_Your goal:_ In the listing below, print exactly the lines between the line holding "moitzi_cars... ⚡️ Elektrotechnik für das neue Autohaus! 🚗🔌" and the line holding "Внедорожник / Кроссовер", inclusive, and no more.
▶
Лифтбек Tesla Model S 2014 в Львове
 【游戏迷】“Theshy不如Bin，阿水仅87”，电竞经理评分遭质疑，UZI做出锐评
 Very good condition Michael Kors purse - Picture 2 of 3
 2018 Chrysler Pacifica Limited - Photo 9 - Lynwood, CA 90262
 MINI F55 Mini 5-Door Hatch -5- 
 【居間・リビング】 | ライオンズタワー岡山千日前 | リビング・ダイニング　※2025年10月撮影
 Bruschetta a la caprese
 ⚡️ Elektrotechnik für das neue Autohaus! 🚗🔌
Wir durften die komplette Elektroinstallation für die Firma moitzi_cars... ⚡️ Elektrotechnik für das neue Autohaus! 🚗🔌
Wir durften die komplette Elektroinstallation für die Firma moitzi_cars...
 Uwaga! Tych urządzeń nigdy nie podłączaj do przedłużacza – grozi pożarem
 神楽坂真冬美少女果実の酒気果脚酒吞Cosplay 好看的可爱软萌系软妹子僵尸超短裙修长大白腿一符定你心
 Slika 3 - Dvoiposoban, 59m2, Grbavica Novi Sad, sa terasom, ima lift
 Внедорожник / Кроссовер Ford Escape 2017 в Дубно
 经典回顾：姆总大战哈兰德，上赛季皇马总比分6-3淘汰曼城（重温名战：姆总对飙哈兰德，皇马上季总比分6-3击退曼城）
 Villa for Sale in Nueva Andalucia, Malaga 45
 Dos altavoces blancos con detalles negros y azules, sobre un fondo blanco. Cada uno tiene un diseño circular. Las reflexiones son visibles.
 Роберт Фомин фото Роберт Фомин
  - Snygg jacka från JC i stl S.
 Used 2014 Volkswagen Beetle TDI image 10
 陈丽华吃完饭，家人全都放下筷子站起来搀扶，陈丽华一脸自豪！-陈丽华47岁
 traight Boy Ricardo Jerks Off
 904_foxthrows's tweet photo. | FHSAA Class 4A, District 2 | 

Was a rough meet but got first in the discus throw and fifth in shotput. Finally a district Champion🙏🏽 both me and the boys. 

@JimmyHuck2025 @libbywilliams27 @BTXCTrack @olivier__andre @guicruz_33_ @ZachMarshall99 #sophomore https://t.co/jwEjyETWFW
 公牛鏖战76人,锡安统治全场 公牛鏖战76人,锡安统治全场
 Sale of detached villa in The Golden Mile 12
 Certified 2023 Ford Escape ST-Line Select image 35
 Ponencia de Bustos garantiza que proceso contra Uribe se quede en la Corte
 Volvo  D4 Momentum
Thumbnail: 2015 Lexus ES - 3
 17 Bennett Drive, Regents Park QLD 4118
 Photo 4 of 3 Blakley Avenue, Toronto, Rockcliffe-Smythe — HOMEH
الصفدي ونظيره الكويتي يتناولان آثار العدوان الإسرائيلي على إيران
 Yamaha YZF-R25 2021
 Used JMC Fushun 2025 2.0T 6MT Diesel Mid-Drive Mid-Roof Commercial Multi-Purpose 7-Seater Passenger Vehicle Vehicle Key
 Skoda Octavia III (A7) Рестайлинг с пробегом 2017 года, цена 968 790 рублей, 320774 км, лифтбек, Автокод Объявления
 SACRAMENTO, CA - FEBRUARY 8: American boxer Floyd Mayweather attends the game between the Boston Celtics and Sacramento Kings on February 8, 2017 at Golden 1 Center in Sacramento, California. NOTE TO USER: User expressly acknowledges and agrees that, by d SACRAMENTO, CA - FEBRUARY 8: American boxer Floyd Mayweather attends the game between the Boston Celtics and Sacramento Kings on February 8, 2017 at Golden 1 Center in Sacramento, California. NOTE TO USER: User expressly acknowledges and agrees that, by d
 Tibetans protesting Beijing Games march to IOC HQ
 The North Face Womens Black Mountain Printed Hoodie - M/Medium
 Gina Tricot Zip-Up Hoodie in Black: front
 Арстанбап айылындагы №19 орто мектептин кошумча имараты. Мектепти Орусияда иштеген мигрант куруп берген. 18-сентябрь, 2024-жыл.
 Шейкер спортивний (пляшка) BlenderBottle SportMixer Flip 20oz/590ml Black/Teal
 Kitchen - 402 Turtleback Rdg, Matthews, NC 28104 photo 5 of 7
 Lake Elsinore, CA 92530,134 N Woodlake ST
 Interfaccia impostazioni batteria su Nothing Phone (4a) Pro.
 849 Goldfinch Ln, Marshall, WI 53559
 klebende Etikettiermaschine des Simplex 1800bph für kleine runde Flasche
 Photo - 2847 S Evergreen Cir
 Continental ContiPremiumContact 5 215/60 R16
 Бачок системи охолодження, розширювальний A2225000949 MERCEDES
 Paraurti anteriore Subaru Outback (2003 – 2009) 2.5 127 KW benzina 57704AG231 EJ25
◀
_Written solution:_
Wir durften die komplette Elektroinstallation für die Firma moitzi_cars... ⚡️ Elektrotechnik für das neue Autohaus! 🚗🔌
Wir durften die komplette Elektroinstallation für die Firma moitzi_cars...
 Uwaga! Tych urządzeń nigdy nie podłączaj do przedłużacza – grozi pożarem
 神楽坂真冬美少女果実の酒気果脚酒吞Cosplay 好看的可爱软萌系软妹子僵尸超短裙修长大白腿一符定你心
 Slika 3 - Dvoiposoban, 59m2, Grbavica Novi Sad, sa terasom, ima lift
 Внедорожник / Кроссовер Ford Escape 2017 в Дубно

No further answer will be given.